Here I was though, blasting south to Seminyak from Ubud with the Old Motorcycle Club that I had met up with through Aileen. It is strange meeting someone for the first time who you already feel like you know very well. Aileen blitzes social media so I knew a fair bit about the issues she had faced (at this stage both Aileen and I were about 4 months behind schedule) and we both have similar styles of travel - we are both dangerously under-funded, we both ride small bikes and we both have ray bans attached to our face 90% of the time. We got along well.
She pulled to my right, her custom bike made by verve and the always rad Gringo helmet. She thumbed up as we resumed formation moving towards the coast.
We rolled into a bar called the Salty Seagull, parked the bikes, and took off our helmets. It was a hipster bar just like the ones I was used to back home. It was packed with tourists and they all looked up as the half dozen of us walked in. The sax player was mid solo when he saw us and grabbed the mic and introduced his friends and me. He raised his drink and everyone in the bar paused to stare. I have to admit, a bunch of leather clad local bikers, a bule (Caucasian tourist) and Aileen with her enormous smile and long red hair made for an interesting sight.

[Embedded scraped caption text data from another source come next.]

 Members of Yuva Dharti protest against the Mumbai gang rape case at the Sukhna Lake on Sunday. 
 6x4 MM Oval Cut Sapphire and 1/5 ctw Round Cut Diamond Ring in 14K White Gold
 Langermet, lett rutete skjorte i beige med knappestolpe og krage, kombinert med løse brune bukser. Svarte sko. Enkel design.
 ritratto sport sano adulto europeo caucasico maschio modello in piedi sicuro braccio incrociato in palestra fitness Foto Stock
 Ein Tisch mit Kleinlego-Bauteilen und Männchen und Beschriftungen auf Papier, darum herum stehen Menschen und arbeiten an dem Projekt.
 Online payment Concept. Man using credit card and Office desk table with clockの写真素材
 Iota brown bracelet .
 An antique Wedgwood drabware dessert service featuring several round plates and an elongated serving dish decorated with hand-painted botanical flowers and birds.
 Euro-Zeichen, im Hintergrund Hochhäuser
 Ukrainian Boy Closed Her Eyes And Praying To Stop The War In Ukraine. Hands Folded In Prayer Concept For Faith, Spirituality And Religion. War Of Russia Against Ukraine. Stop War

The master of ceremonies for the night, an Australian who clearly spent a lot of time at the gym picked up on new arrivals and in one motion had summoned a bottle of tequila and indicated me for a layback.

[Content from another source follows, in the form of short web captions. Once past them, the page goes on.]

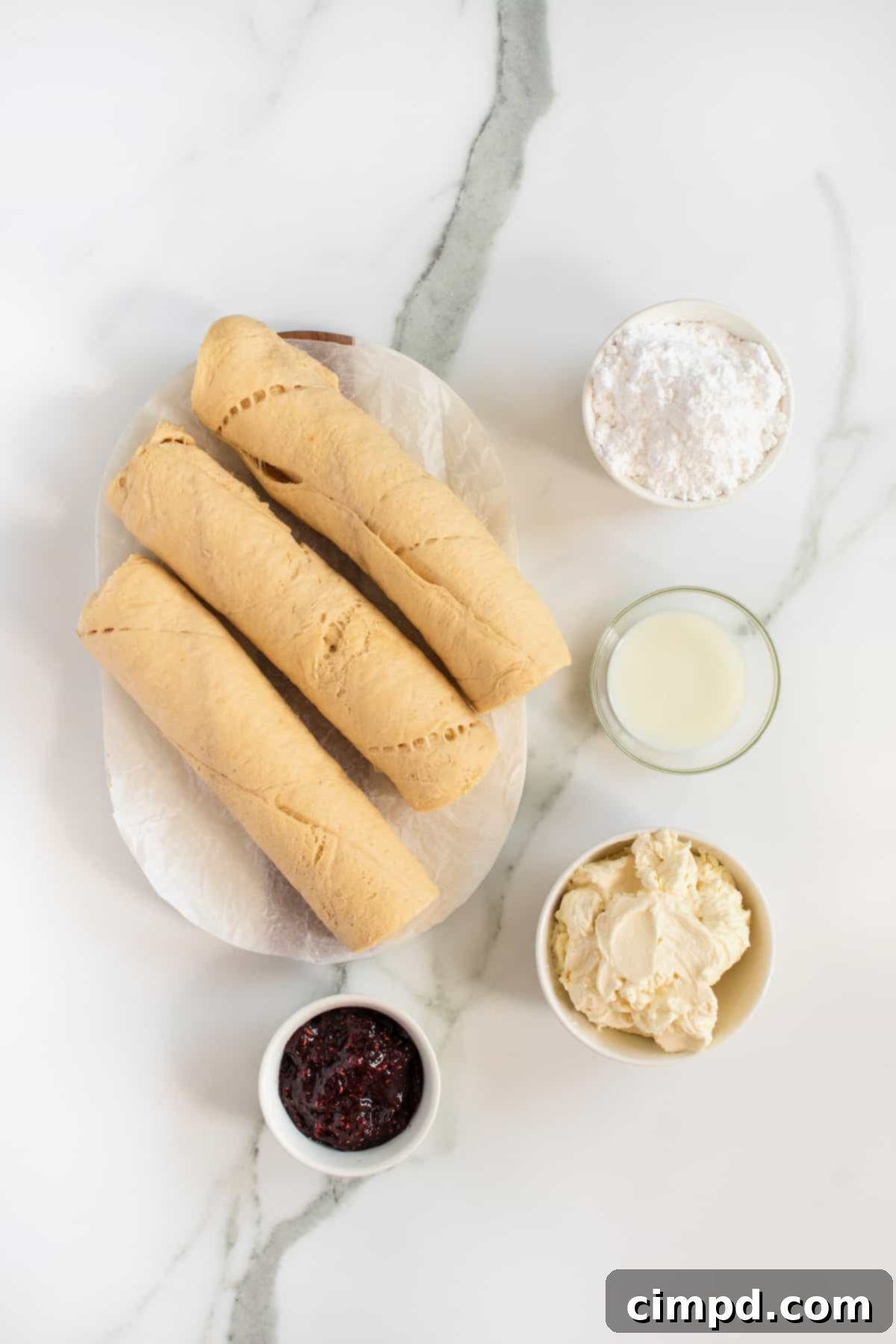 All the ingredients for Raspberry Cream Cheese Cruffins laid out on a kitchen surface, including crescent roll dough, cream cheese, raspberry preserves, powdered sugar, and milk.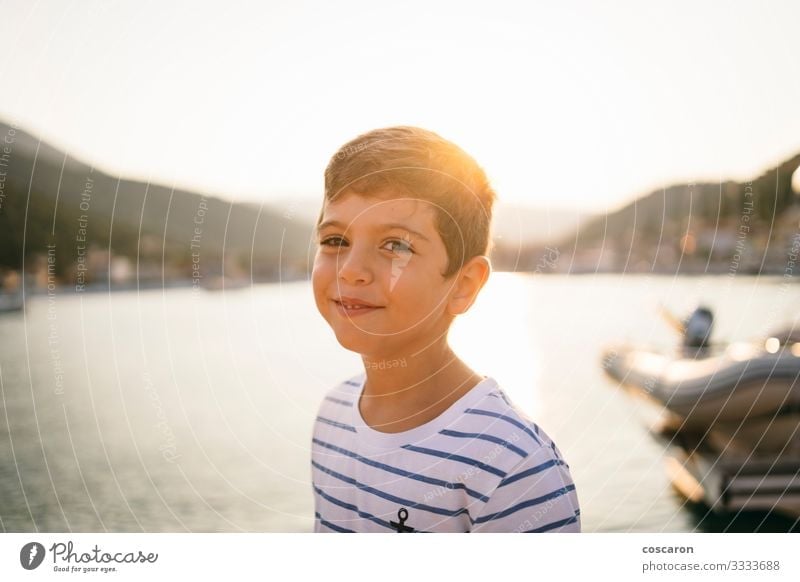 Süßes Kind lächelt bei Sonnenuntergang mit dem Meer im Hintergrund Lifestyle Freude Glück schön Gesicht Ferien & Urlaub & Reisen Tourismus Freiheit Sommer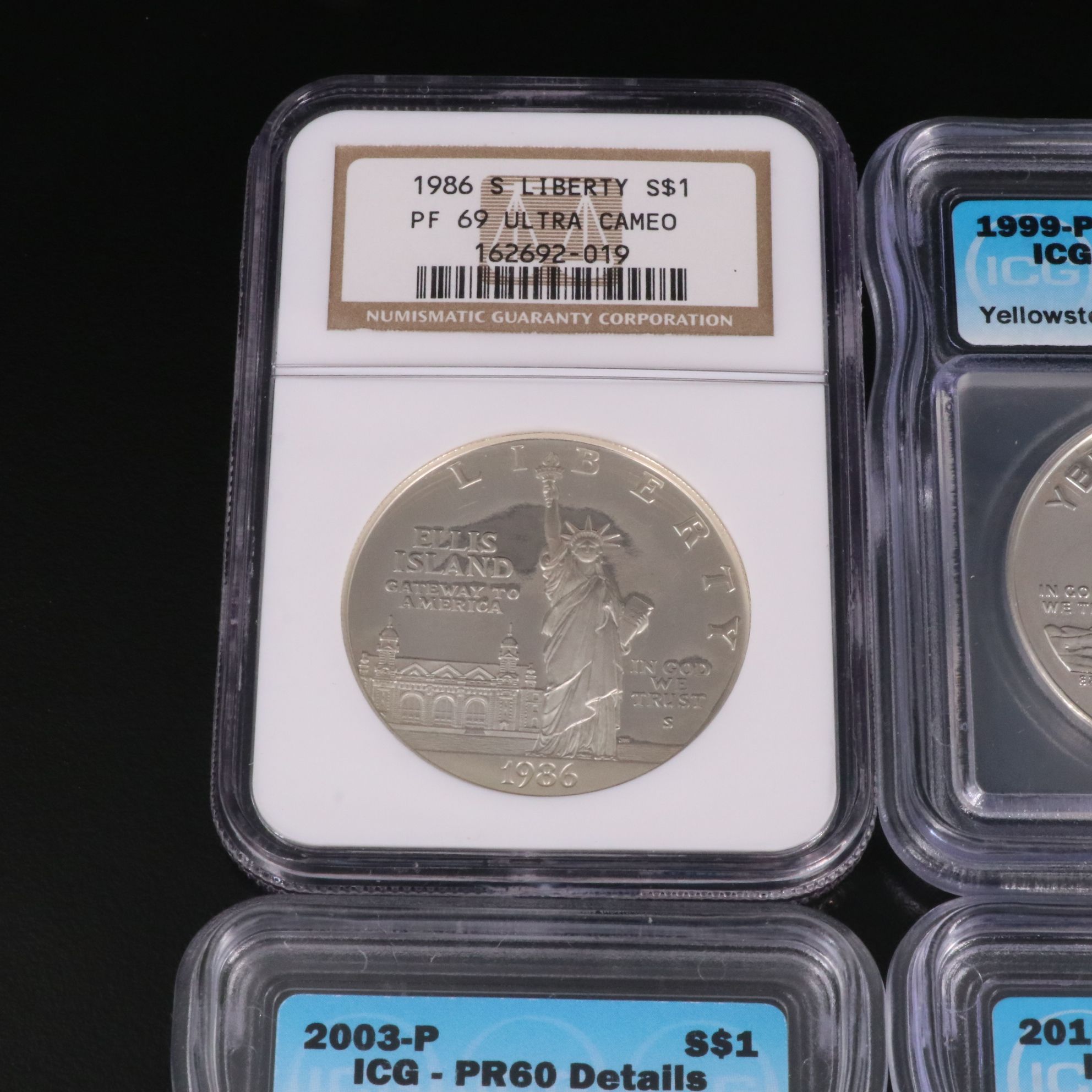 Four Different Modern Commemorative Silver Dollars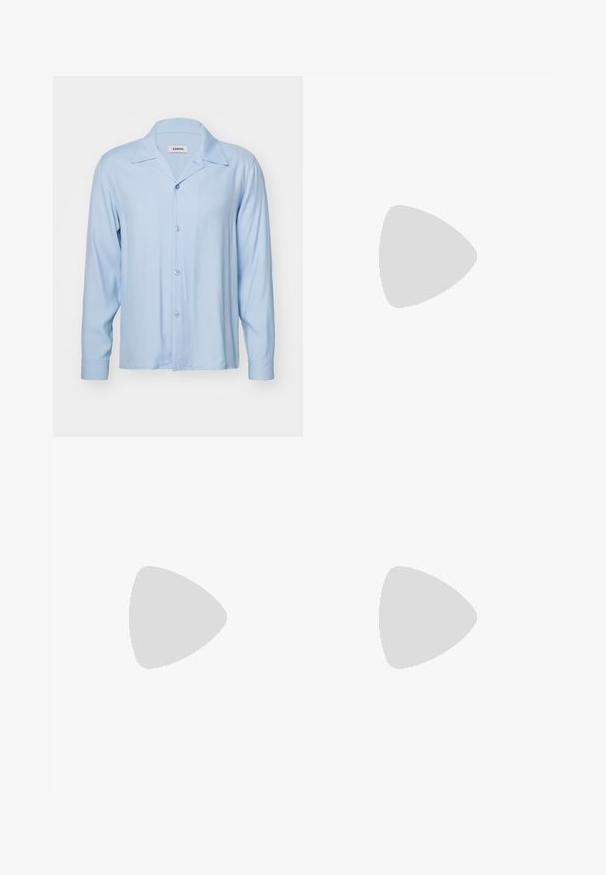 Lichtblauwe, lange mouwen, button-up shirt met een camp collar, gemaakt van een soepele stof. Heeft een rechte snit en blauwe knopen.; Lichtgrijze, wijde sweatpants van zacht materiaal. Heeft een elastische tailleband en zijzakken. Gladde textuur met een strak ontwerp.; Zwarte suède sneakers met witte accenten, voorzien van een gouden logo. Gemaakt met lichtblauwe spijkerbroek en geplaatst op een textuur blauwe ondergrond.; Zwarte rechthoekige zonnebril met groene lenzen, matte afwerking, subtiele hardwareaccenten en een gegraveerd logo op de slaap.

The beers came, we drank, the music played.
We had our own table and watched the crowd, the tourists occasionally throwing us strange glances wondering why we might have been getting the treatment that we were.

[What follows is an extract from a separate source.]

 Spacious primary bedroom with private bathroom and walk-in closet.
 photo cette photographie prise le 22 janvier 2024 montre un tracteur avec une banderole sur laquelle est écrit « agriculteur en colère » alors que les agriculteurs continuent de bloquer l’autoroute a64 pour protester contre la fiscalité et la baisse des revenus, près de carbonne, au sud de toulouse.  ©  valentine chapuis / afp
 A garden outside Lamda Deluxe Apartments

The MC came up and started to introduce himself to the people he didn't know.
One of the members of the local club pulled me aside. “He (pointing to the MC), has lost a friend today, very sad, bad death, he was crying before but now he drinks”
I looked the MC who was still jumping around on tables trying to get people more involved in the band.
“Killed himself, 33, he was so happy in Bali.”
I took another sip of my beer, but was conscious of slowing down as I knew I still had at least an hour’s ride ahead of me that night.
The MC jumped on the table, asking people to dance in exchange for free drinks.
The unresponsive crowd was… unresponsive.
He tried again.
This time he was asking for people to dance in memory of his friend. He looked around a little desperate with a small, sad smile.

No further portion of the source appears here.